Required work »
With the pictures left out, retype exactly the lines below starting at the line that contains "Western Blotting (WB) image for anti-Fc" and ending at the line that contains "LRCH1 Antibody in Western Blot (WB)".
┄┄┄┄┄┄┄┄┄┄
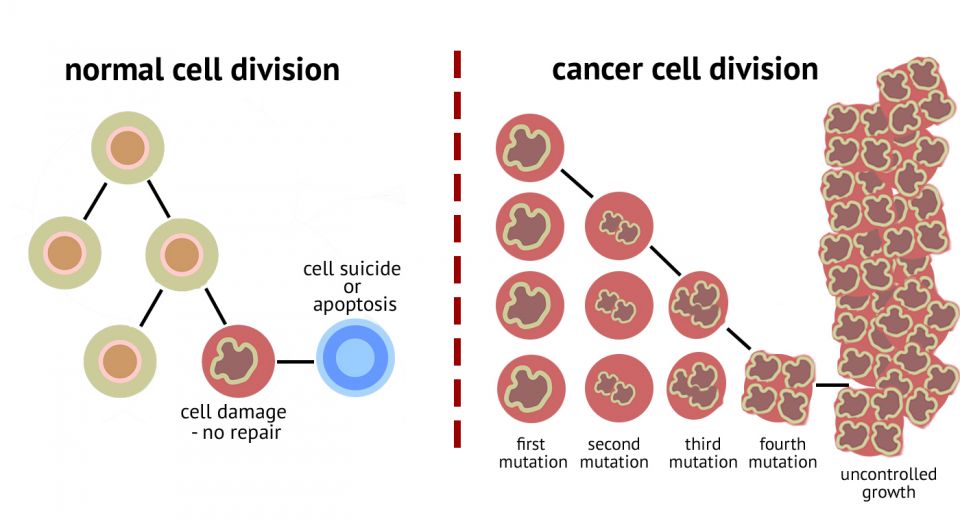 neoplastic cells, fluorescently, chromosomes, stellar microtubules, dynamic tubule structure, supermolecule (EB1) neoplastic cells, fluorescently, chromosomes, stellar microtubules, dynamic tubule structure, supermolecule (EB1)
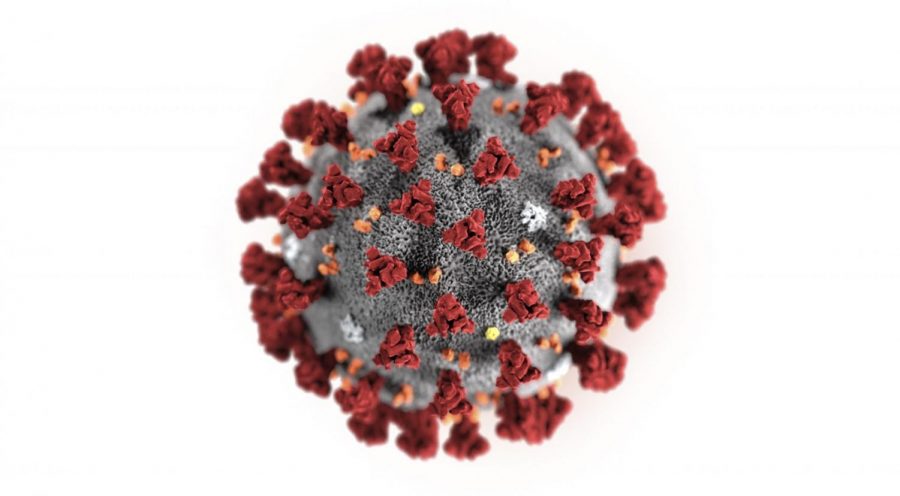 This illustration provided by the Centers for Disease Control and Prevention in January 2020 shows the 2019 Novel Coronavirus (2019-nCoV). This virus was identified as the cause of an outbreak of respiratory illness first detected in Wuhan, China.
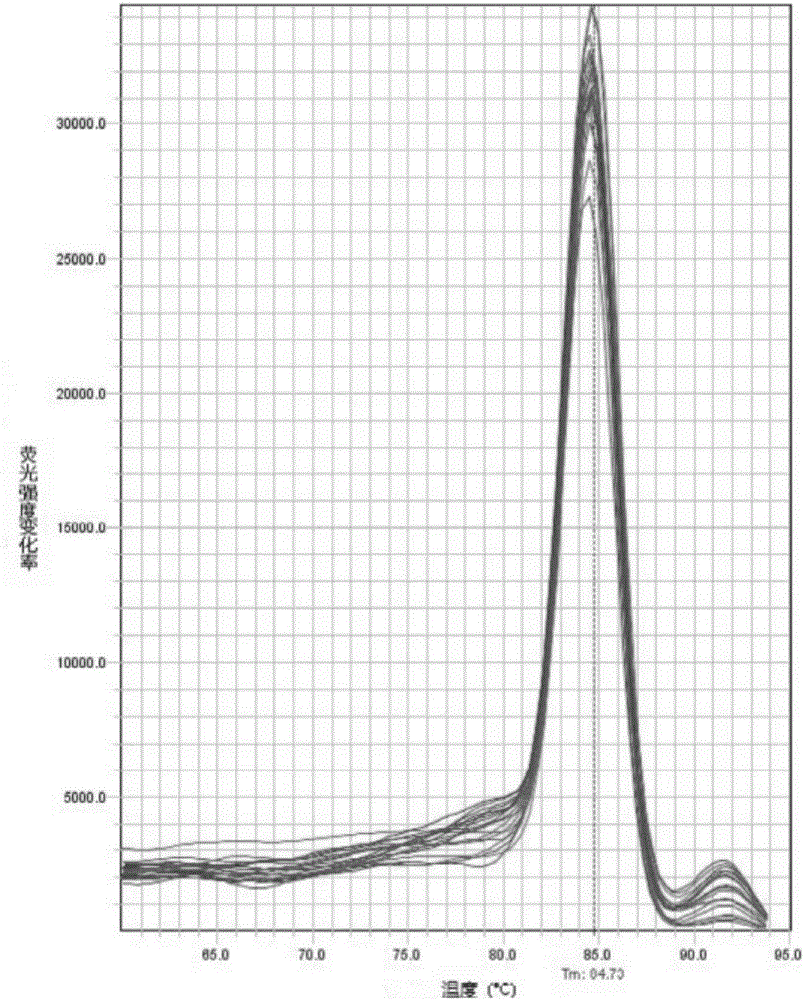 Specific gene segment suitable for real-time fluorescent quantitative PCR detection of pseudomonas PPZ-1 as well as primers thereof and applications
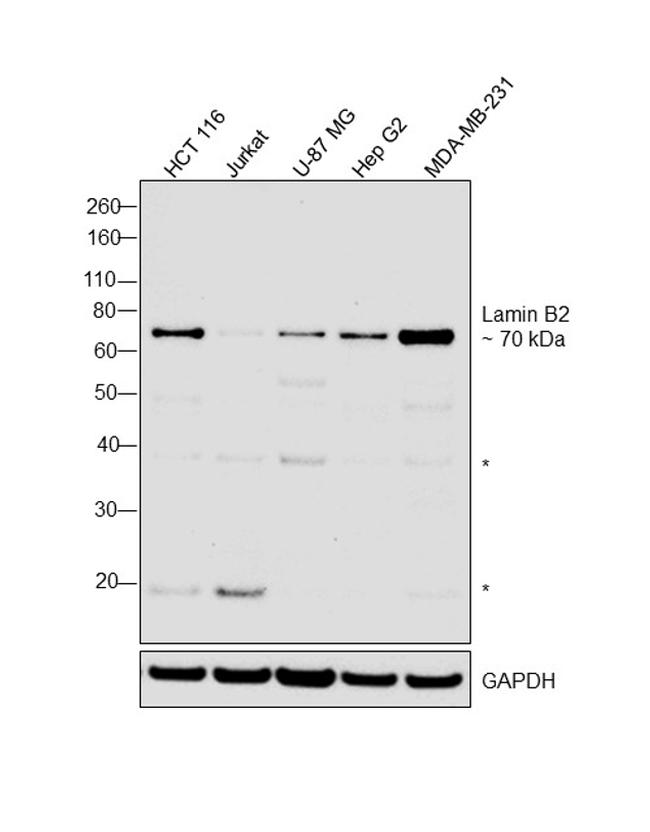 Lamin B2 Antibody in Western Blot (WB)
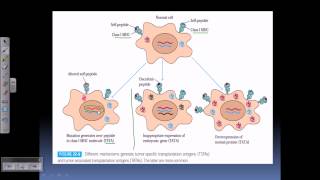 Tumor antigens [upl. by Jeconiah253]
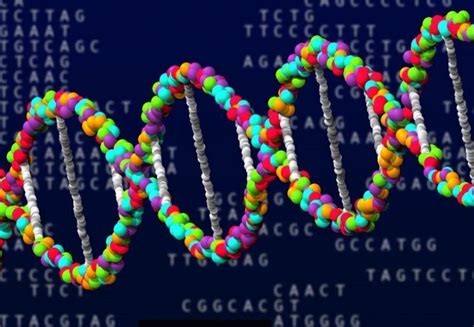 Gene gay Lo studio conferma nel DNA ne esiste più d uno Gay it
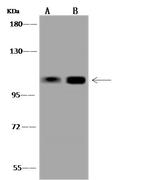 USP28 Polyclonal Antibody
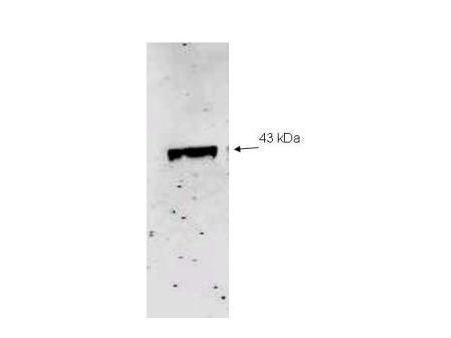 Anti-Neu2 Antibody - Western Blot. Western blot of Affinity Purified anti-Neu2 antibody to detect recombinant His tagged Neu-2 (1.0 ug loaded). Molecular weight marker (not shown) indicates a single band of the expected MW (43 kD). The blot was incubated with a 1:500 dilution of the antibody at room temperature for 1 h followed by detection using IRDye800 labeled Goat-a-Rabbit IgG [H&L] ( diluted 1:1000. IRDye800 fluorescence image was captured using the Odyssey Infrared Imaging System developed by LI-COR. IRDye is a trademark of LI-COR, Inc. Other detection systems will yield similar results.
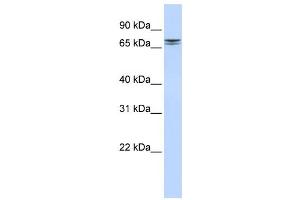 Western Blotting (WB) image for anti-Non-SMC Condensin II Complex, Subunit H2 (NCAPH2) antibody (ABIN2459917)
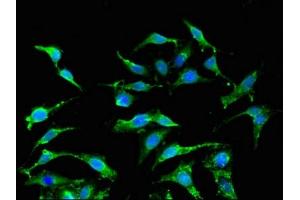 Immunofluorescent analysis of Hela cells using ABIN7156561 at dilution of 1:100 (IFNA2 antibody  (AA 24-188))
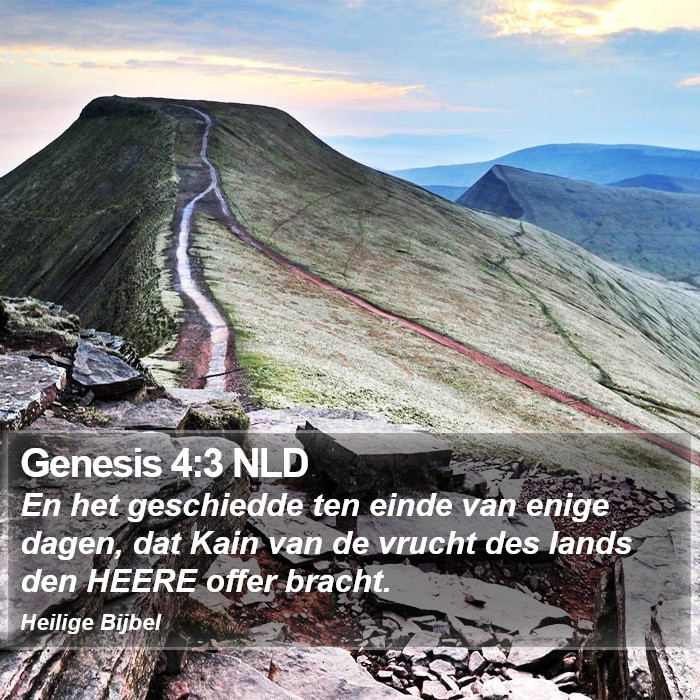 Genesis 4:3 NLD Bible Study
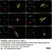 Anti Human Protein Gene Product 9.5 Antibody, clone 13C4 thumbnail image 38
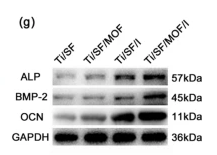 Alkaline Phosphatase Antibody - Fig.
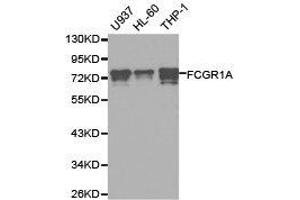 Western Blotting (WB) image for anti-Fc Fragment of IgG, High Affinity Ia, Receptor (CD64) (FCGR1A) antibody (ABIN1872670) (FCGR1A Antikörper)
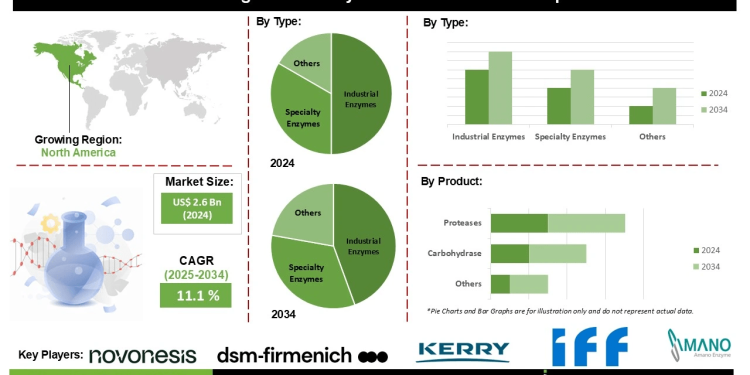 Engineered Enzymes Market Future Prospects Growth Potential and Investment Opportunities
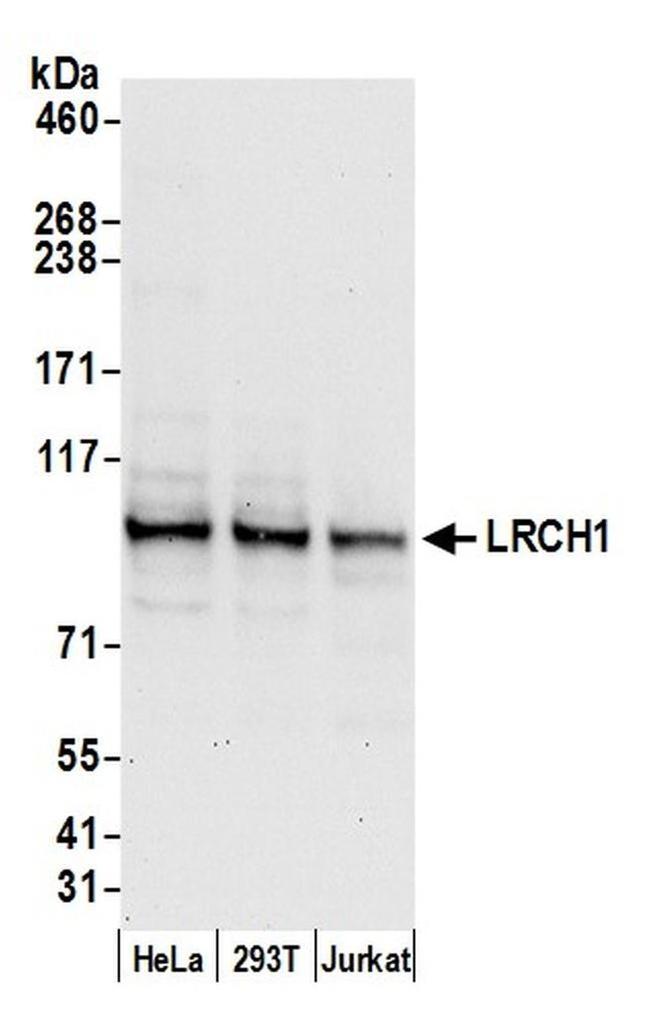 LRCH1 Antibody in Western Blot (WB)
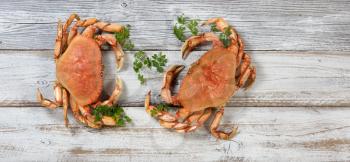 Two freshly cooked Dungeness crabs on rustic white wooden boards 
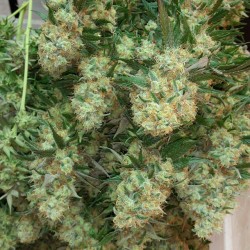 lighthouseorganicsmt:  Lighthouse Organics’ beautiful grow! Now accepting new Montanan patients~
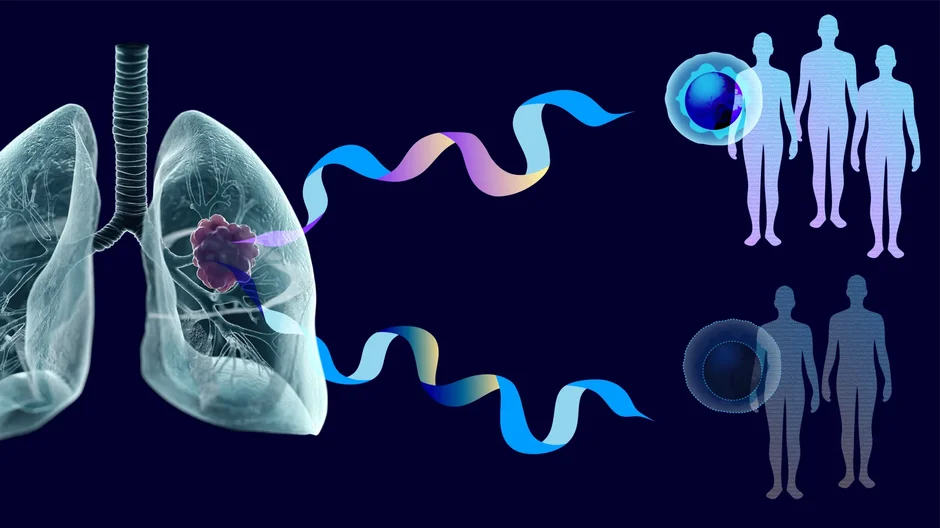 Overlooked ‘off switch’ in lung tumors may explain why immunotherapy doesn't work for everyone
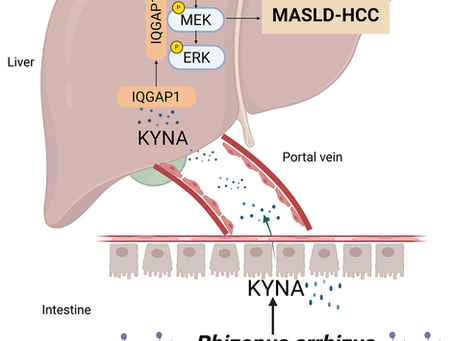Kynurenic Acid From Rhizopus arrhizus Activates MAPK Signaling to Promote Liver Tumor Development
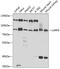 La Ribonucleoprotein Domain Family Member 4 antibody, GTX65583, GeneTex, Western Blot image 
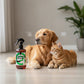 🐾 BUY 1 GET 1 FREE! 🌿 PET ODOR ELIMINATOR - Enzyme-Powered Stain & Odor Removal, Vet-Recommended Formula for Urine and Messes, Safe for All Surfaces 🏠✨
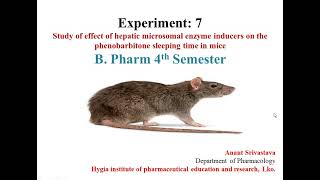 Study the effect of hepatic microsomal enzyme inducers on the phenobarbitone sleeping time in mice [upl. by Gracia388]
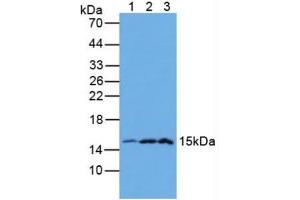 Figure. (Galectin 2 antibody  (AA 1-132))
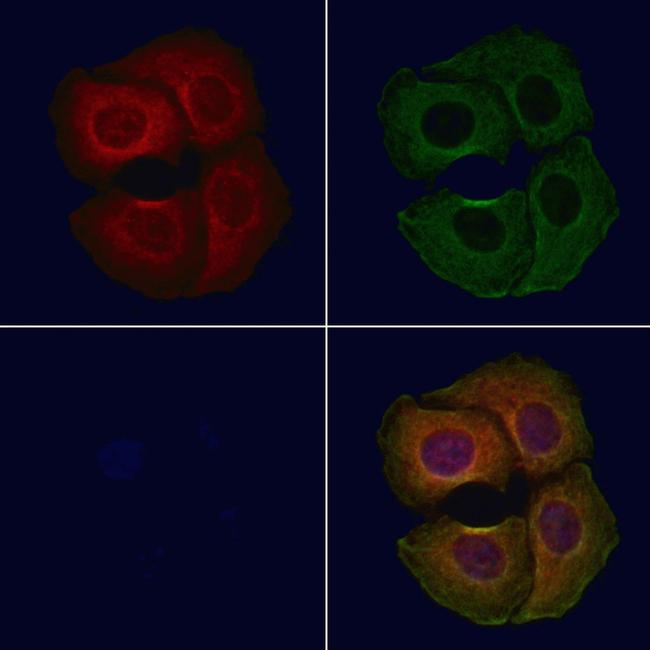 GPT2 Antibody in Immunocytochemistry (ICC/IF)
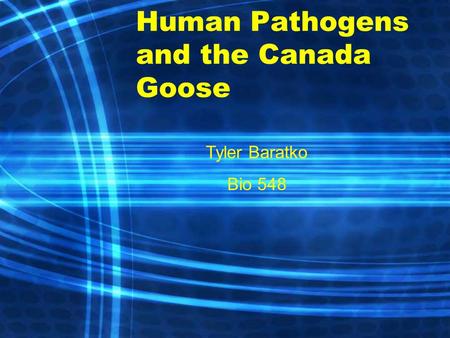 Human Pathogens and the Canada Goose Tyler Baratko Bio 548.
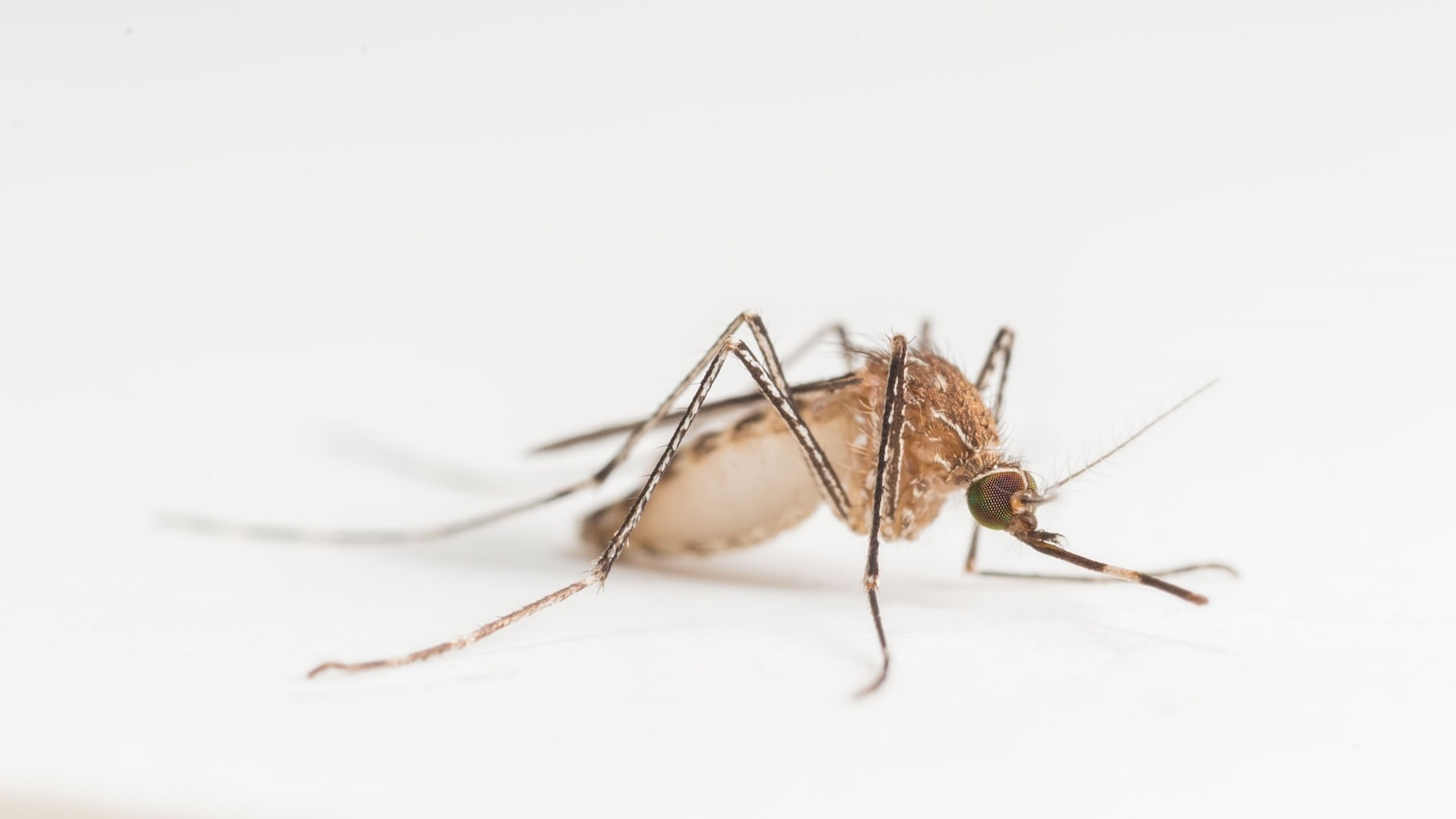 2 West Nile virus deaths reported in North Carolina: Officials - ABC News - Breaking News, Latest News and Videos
┄┄┄┄┄┄┄┄┄┄
The completed task »
 Western Blotting (WB) image for anti-Fc Fragment of IgG, High Affinity Ia, Receptor (CD64) (FCGR1A) antibody (ABIN1872670) (FCGR1A Antikörper)
 Engineered Enzymes Market Future Prospects Growth Potential and Investment Opportunities
 LRCH1 Antibody in Western Blot (WB)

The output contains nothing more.